• _EXERCISE AIM_
When the line with "Anti-SERPINE2 Antibody" comes up, set it down and every later line to the end of the data, exactly and without pictures.

• _ENTRIES SHOWN_
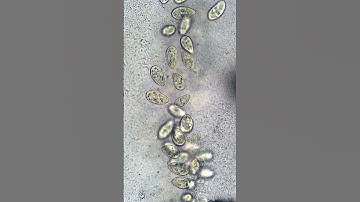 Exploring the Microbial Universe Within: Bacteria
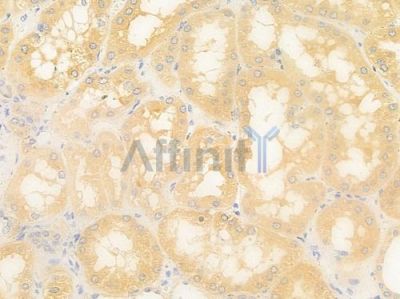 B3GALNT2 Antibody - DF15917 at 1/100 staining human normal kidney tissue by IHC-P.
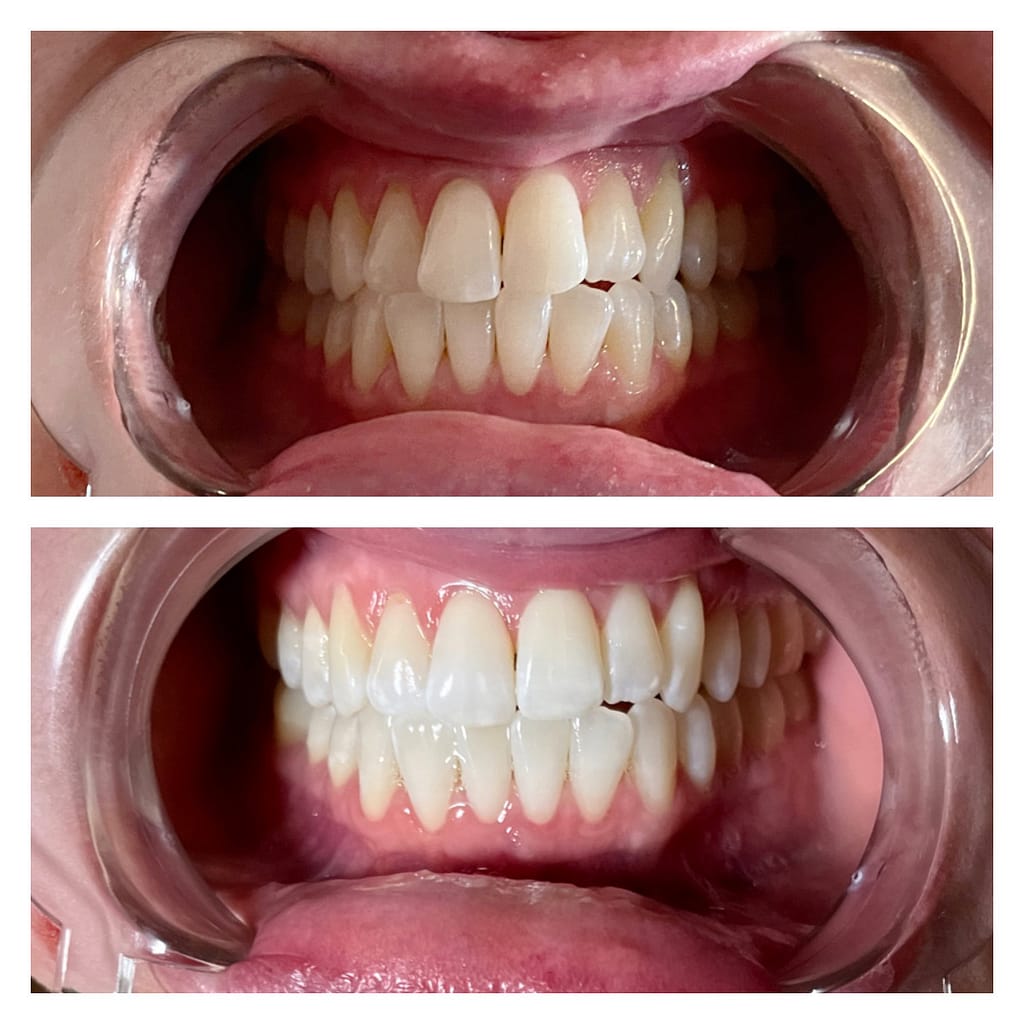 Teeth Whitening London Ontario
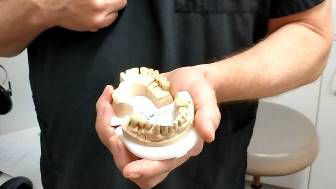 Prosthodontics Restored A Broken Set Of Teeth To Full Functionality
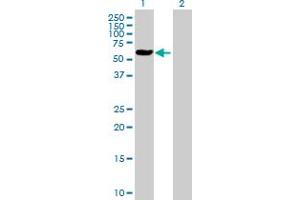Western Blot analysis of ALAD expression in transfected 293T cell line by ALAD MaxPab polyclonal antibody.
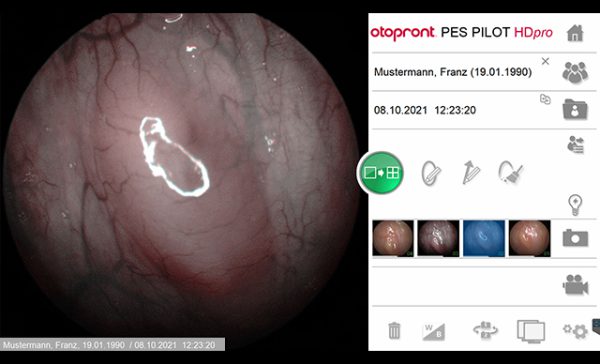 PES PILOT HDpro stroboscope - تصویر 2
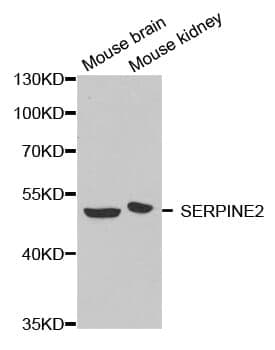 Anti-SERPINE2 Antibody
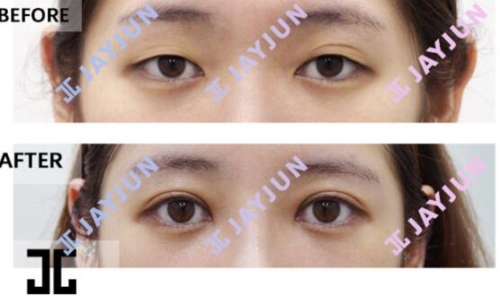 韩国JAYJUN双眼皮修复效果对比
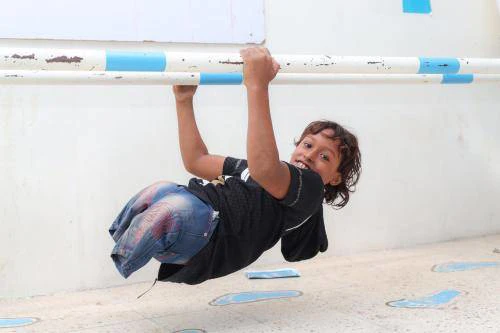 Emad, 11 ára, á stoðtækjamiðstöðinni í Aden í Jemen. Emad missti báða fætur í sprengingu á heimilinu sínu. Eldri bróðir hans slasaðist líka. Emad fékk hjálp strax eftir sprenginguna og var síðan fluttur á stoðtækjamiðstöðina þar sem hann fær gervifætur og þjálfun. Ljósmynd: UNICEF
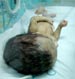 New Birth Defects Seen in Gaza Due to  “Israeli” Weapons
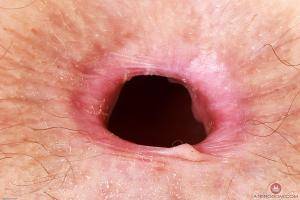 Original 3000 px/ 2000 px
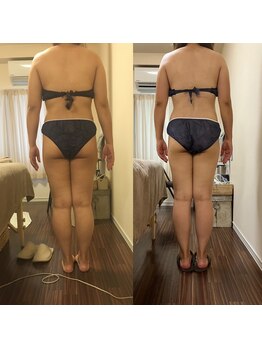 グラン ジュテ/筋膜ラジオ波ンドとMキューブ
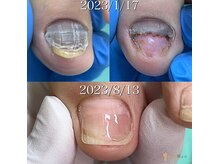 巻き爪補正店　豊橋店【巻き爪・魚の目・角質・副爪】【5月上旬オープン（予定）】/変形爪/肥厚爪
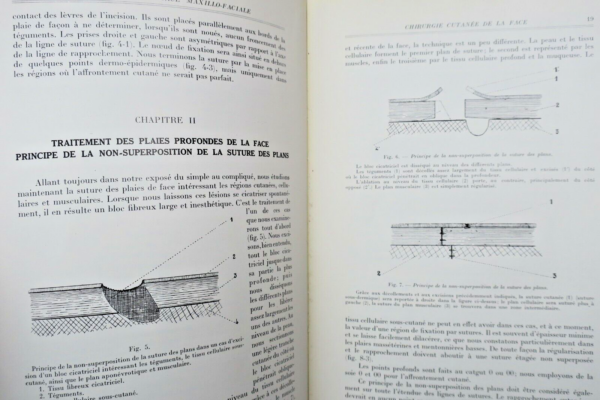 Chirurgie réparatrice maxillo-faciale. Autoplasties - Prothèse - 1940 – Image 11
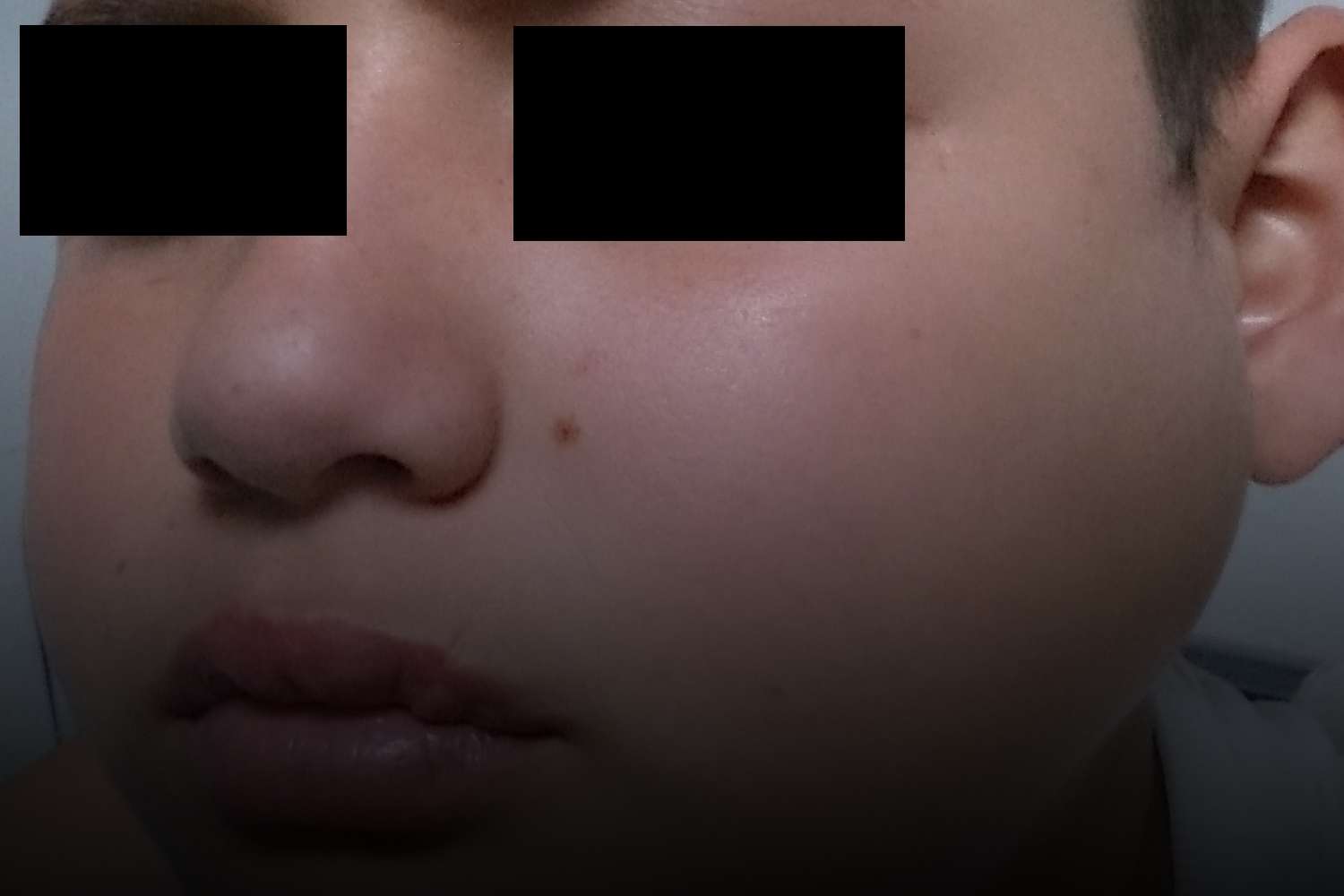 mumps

• _RESULT_
 Anti-SERPINE2 Antibody
 韩国JAYJUN双眼皮修复效果对比
 Emad, 11 ára, á stoðtækjamiðstöðinni í Aden í Jemen. Emad missti báða fætur í sprengingu á heimilinu sínu. Eldri bróðir hans slasaðist líka. Emad fékk hjálp strax eftir sprenginguna og var síðan fluttur á stoðtækjamiðstöðina þar sem hann fær gervifætur og þjálfun. Ljósmynd: UNICEF
 New Birth Defects Seen in Gaza Due to  “Israeli” Weapons
 Original 3000 px/ 2000 px
 グラン ジュテ/筋膜ラジオ波ンドとMキューブ
 巻き爪補正店　豊橋店【巻き爪・魚の目・角質・副爪】【5月上旬オープン（予定）】/変形爪/肥厚爪
 Chirurgie réparatrice maxillo-faciale. Autoplasties - Prothèse - 1940 – Image 11
 mumps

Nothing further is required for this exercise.